No inversion occurs anywhere in this conversion.
2023-07-15 01:07 PM
Note that the character "3" from the ASCII table is considered just a SYMBOL, not the relative position value (which would be 51 in decimal base, or 063 in octal base, or 33 in hexadecimal base).
The American Standard Code for Information Interchange (ASCII) was an early standardized encoding system for text. Encoding is the process of converting characters in human languages into binary sequences that computers can process.
ASCII’s library includes every upper-case and lower-case letter in the Latin alphabet (A, B, C…), every digit from 0 to 9, and some common symbols (like /, !, and ?). It assigns each of these characters a unique three-digit code and a unique byte."
"The number of characters that ASCII can represent is limited to the number of unique bytes available, since each character gets one byte. If you do the math, you’ll find that there are 256 different ways of groups eight 1s and 0s together. This gives us 256 different bytes, or 256 ways to represent a character in ASCII. When ASCII was introduced in 1960, this was okay, since developers needed only 128 bytes to represent all the English characters and symbols they needed."
2023-07-18 09:10 PM
your answer is correct for decimal to binary conversion but how i can invert it as a mention in my question ?
2023-07-19 05:12 AM
You're communicating the issue poorly, you're not answering questions to understand the "problem" you're attempting to describe.
Identify the part you are talking about.
Show the current code.
Show the current output.
Show how you want/expect it to look, and why normal output methods aren't working.
Is the question about flipping the bit state high or low? Or is this how to convert numbers to/from binary forms.
USART->TDR = ~data; // Negate data written to transmit data register.
At a PIN level, look at the UART configuration options.
2023-07-19 05:19 AM - edited 2023-07-19 05:21 AM
In Arduino..
Serial.println((char)'3'); // 00110011
Serial.println((char)3); // 00000011
uint8_t data = {1,2,3,4 }; // As bytes, not ASCII printing
Serial.write(data, sizeof(data));
2023-07-20 12:01 AM
how to invert it?
2023-07-20 10:46 AM
Ok, but you've stated that half a dozen times already. Do you work with someone who can communicated effectively in English? Heck draw a diagram if that's easier..
Invert WHAT? For WHAT purpose? WHAT are you connecting together, and WHAT are the expectations?
char i = 3; // the value 3, not the character '3'
i = ~i; // Invert bitwise
HAL_UART_Transmit(&husart1, (uint8_t *)&i, sizeof(i), 100);
2023-07-21 12:43 AM
when we inverted this received data ('Y') using an inverter circuit( using Transistor) the actual data ('4') which we were sending from the mcu , was received in Original form (4).
our Expectation is to know the logic behind this inversion , so that we can directly use this logic in our program on the receiver end , and Receive the Original data without using any inverter circuit.

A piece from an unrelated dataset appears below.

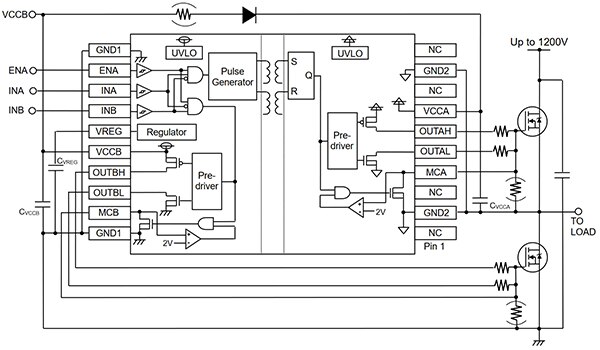 ROHM Semiconductor 的 BM60212FV-CE2 集成 IGBT/MOSFET 驱动器示意图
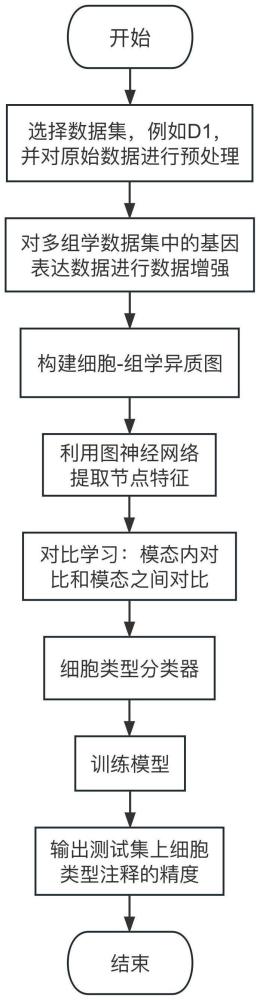 一种基于图对比学习的单细胞多组学数据整合方法和系统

2023-07-21 11:51 PM - edited 2023-07-21 11:52 PM
Seems to be a problem with the communication, what is the schematic for that IR part?
How is the transmission and reception via IR being handled?
To simplify the IR transmission, a base frequency is used (carrier frequency), usually 38kHz, and spaces between the pulses, in this way a protocol is created that can identify the signals, such as NEC Remote Protocol and RC5 Remote Protocol.